Later this year, Chase will begin giving customers 24 hours to bring their balance current to avoid a fee and will enable customers to use their direct-deposited payroll up to two business days early.
“These changes have already provided the extra support to more than two million customers who have avoided on average $60 in fees waiting for their paycheck to hit or are just a little short in funds that day,” Jennifer Roberts, CEO of Consumer Banking at Chase,” said in the statement.
Jennifer Bombardier, director of personal banking public affairs at Citi, told CNET the money Citibank collects from overdraft fees “is among the lowest compared to our peer set.”
According to Bombardier, Citibank declines ATM or point-of-sale debit transactions when the money is not available, and processes checks from the lowest dollar amount to the highest, minimizing the impact of an overdraft.
Krishna said he suspected there are discussions about cutting overdraft fees at many banks.

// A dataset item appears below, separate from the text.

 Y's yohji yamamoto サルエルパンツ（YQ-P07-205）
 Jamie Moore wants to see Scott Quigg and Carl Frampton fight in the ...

“A lot of customers shift around between the bigger banks, so they try to keep up with their offering,” he said. “But if you want to innovate you need to think a few steps ahead – I think we might see even more changes coming.”
Be sure to check with your bank about any alterations to their overdraft fee policies.
Why are these banks eliminating fees?
Banks aren’t typically known for doing things out of the kindness of their heart. Krishna says the trend is likely spurred by a variety of motives, including good PR and a desire to avoid government intervention. (In 2021, both the House and Senate proposed bills to limit overdraft fees.)
There are also new products and institutions in the banking world they need to compete with.
“Overdraft fees should have been improved a long time ago,” Krisnha said. “The reason they haven’t is that they’ve been able to make a profit off misfortune. But they have to get off of these predatory practices. You have new players that don’t charge these fees. But it’s like a drug — it’s hard for them.”
How can I avoid overdraft fees if my bank charges them?
Besides moving your money to one of the banks that has eliminated overdraft fees, you can always opt out of them: According to the CFPB, if you don’t agree to overdraft charges, transactions that exceed your available balance will simply be declined.
It’s not a fool-proof option, though: If you write a check that bounces and is returned by the merchant, your bank or credit union will likely still hit you with a non-sufficient funds fee.
There are other strategies to make an overdraft less likely, such as signing up for low-balance alerts. Mint offers an overdraft early warning system independent of your banking system, Krishna said.
You can also link your checking account to your savings account – so funds can transition from one to the other if needed – or link your checking account to a line of credit. You may still have to pay a fee and interest — but it’s usually less than an overdraft fee, according to the CFPB.